Top-down and bottom-up design
Design always requires working down from the top of the abstraction hierarchy and up from the least abstract description. Obviously, work must begin by adding detail to the abstraction—top-down design adds functional detail. But top-down design decisions are made with limited information: there may be several alternative designs at each level of abstraction; we want to choose the candidate which best fits our speed, area, and power requirements. We often cannot accurately judge those costs until we have an initial design. Bottom-up analysis and design percolates cost information back to higher-levels of abstraction; for instance, we may use more accurate delay information from the circuit design to redesign the logic.
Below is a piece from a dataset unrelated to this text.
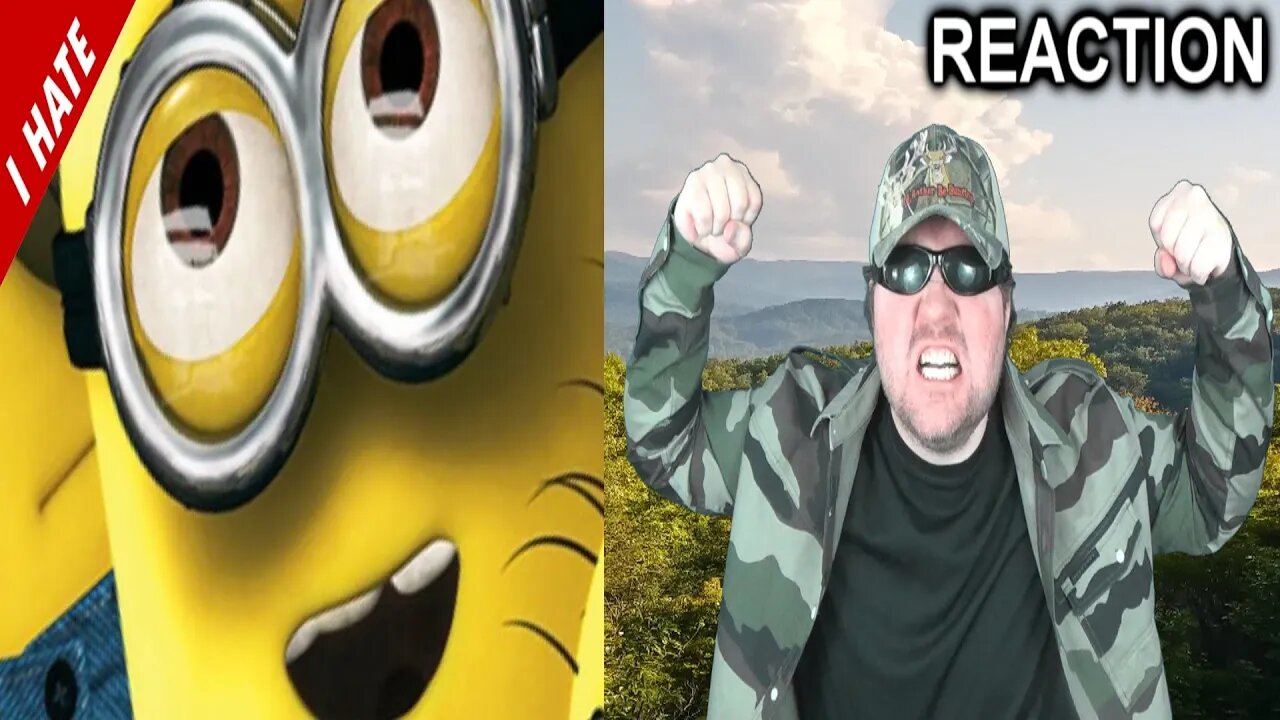 I Hate Minions (Part 2) REACTION!!! (BBT)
Experience will help you judge costs before you complete the implementation, but most designs require cycles of top-down design followed by bottom-up redesign.
1.4.3 Computer-Aided Design
CAD tools
The only realistic way to design chips given performance and design time constraints is to automate the design process, using computer-aided design (CAD) tools which automate parts of the design process. Using computers to automate design, when done correctly, actually helps us solve all three problems: dealing with multiple levels of abstraction is easier when you are not absorbed in the details of a particular design step; computer programs, because they are more methodical, can do a better job of analyzing cost trade-offs; and, when given a well-defined task, computers can work much more quickly than humans.
Design entry
Computer-aided design tools can be categorized by the design task they handle. The simplest of CAD tool handles design entry—for example, an interactive schematic drawing package. Design entry tools capture a design in machine-readable form for use by other programs, and they often allow easier modification of a design, but they don’t do any real design work.
Analysis and verification
Analysis and verification tools are more powerful. The Spice circuit simulator, for example, solves the differential equations which govern how the circuit responds to an input waveform over time. Such a program doesn’t tell us how to change the circuit to make it do what we want, but many analysis tasks are too difficult to perform manually.
Synthesis
Synthesis tools actually create a design at a lower level of abstraction from a higher level description. Some layout synthesis programs can synthesize a layout from a circuit description like that in Figure 1-2. Using computers for design is not a panacea. Computer programs cannot now, nor are they ever likely to be able to transform marketing brochures directly into finished IC designs. Designers will always be necessary to find creative designs and to perform design tasks which are too subtle to be left to algorithms.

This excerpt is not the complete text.